§ What to do:
Although the entries contain pictures, return everything else in them verbatim and omit the pictures.

§ Dataset excerpts:
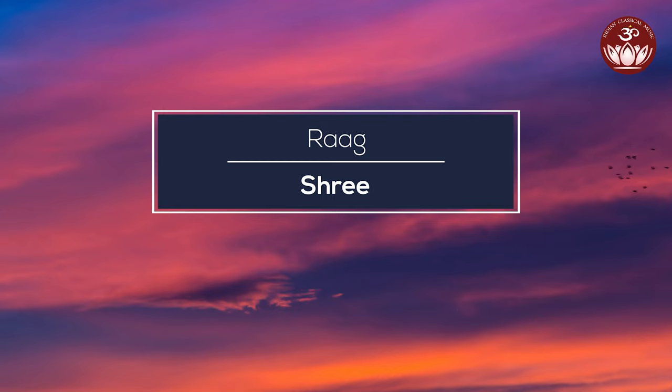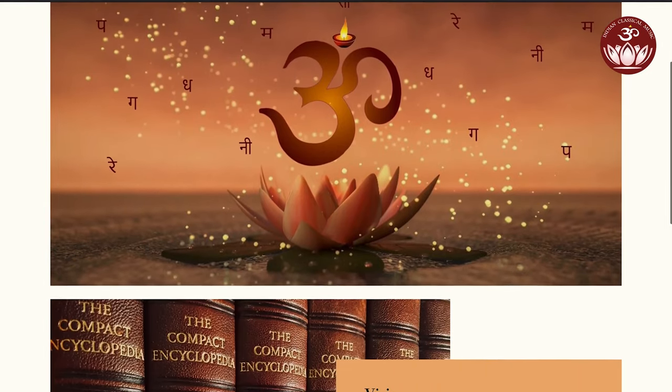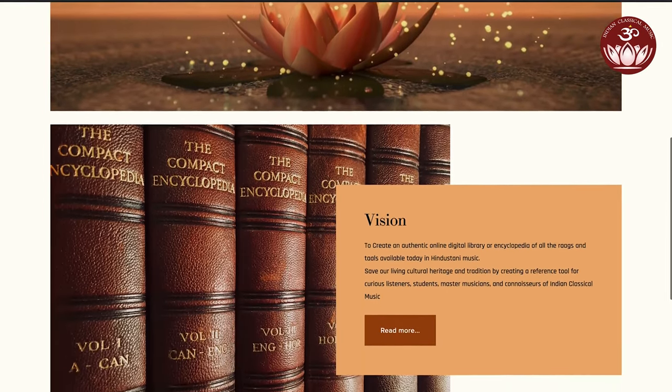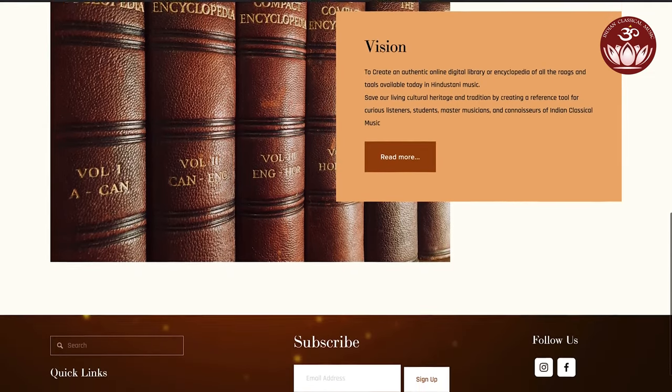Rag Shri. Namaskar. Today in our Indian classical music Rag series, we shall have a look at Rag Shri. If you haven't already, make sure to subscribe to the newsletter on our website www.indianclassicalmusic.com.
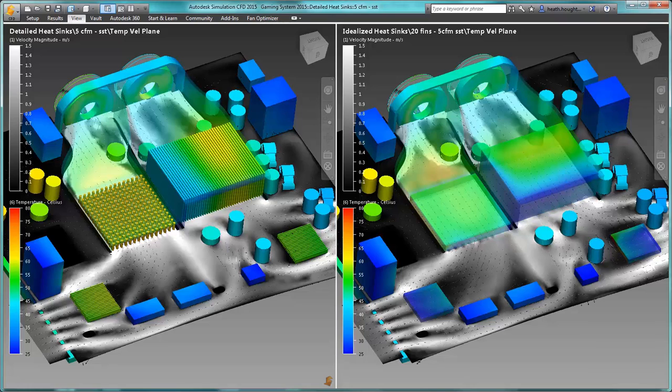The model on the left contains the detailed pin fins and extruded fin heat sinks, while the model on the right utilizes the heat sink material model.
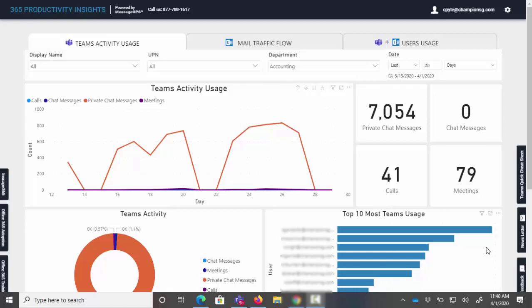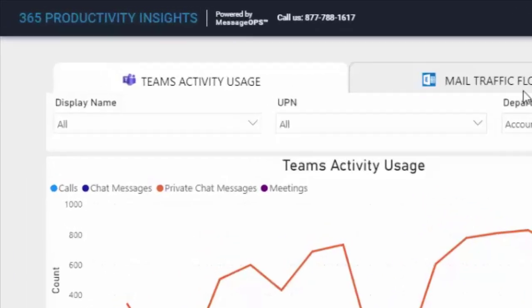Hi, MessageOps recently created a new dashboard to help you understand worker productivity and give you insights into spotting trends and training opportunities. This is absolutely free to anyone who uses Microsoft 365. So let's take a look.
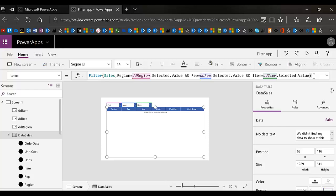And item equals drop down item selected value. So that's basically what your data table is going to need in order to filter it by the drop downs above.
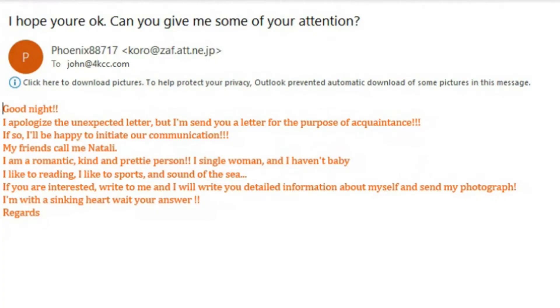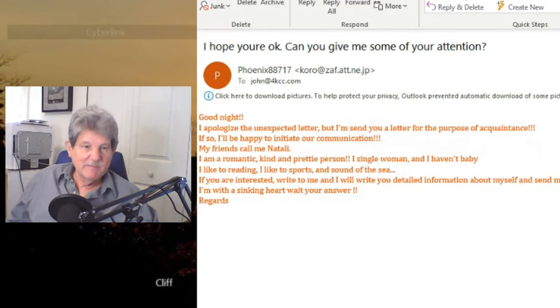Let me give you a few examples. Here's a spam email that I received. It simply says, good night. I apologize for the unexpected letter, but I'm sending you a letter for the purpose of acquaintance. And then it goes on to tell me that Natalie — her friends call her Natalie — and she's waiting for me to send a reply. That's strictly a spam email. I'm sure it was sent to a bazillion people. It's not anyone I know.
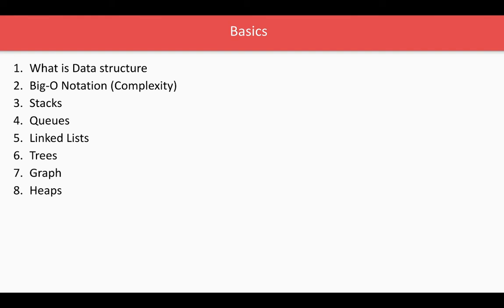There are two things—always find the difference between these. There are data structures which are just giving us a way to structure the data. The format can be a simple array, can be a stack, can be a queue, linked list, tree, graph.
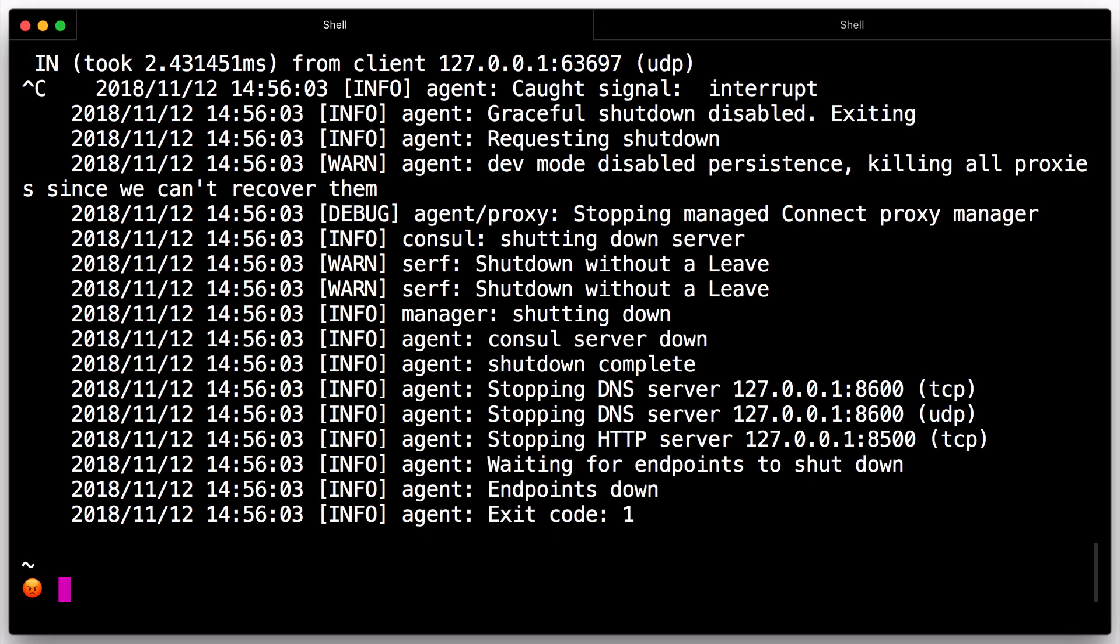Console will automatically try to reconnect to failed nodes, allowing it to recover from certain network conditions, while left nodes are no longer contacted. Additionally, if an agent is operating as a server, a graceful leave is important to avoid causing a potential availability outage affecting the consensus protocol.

§ Task answer:
Rag Shri. Namaskar. Today in our Indian classical music Rag series, we shall have a look at Rag Shri. If you haven't already, make sure to subscribe to the newsletter on our website www.indianclassicalmusic.com.
The model on the left contains the detailed pin fins and extruded fin heat sinks, while the model on the right utilizes the heat sink material model.
Hi, MessageOps recently created a new dashboard to help you understand worker productivity and give you insights into spotting trends and training opportunities. This is absolutely free to anyone who uses Microsoft 365. So let's take a look.
And item equals drop down item selected value. So that's basically what your data table is going to need in order to filter it by the drop downs above.
Let me give you a few examples. Here's a spam email that I received. It simply says, good night. I apologize for the unexpected letter, but I'm sending you a letter for the purpose of acquaintance. And then it goes on to tell me that Natalie — her friends call her Natalie — and she's waiting for me to send a reply. That's strictly a spam email. I'm sure it was sent to a bazillion people. It's not anyone I know.
There are two things—always find the difference between these. There are data structures which are just giving us a way to structure the data. The format can be a simple array, can be a stack, can be a queue, linked list, tree, graph.
Console will automatically try to reconnect to failed nodes, allowing it to recover from certain network conditions, while left nodes are no longer contacted. Additionally, if an agent is operating as a server, a graceful leave is important to avoid causing a potential availability outage affecting the consensus protocol.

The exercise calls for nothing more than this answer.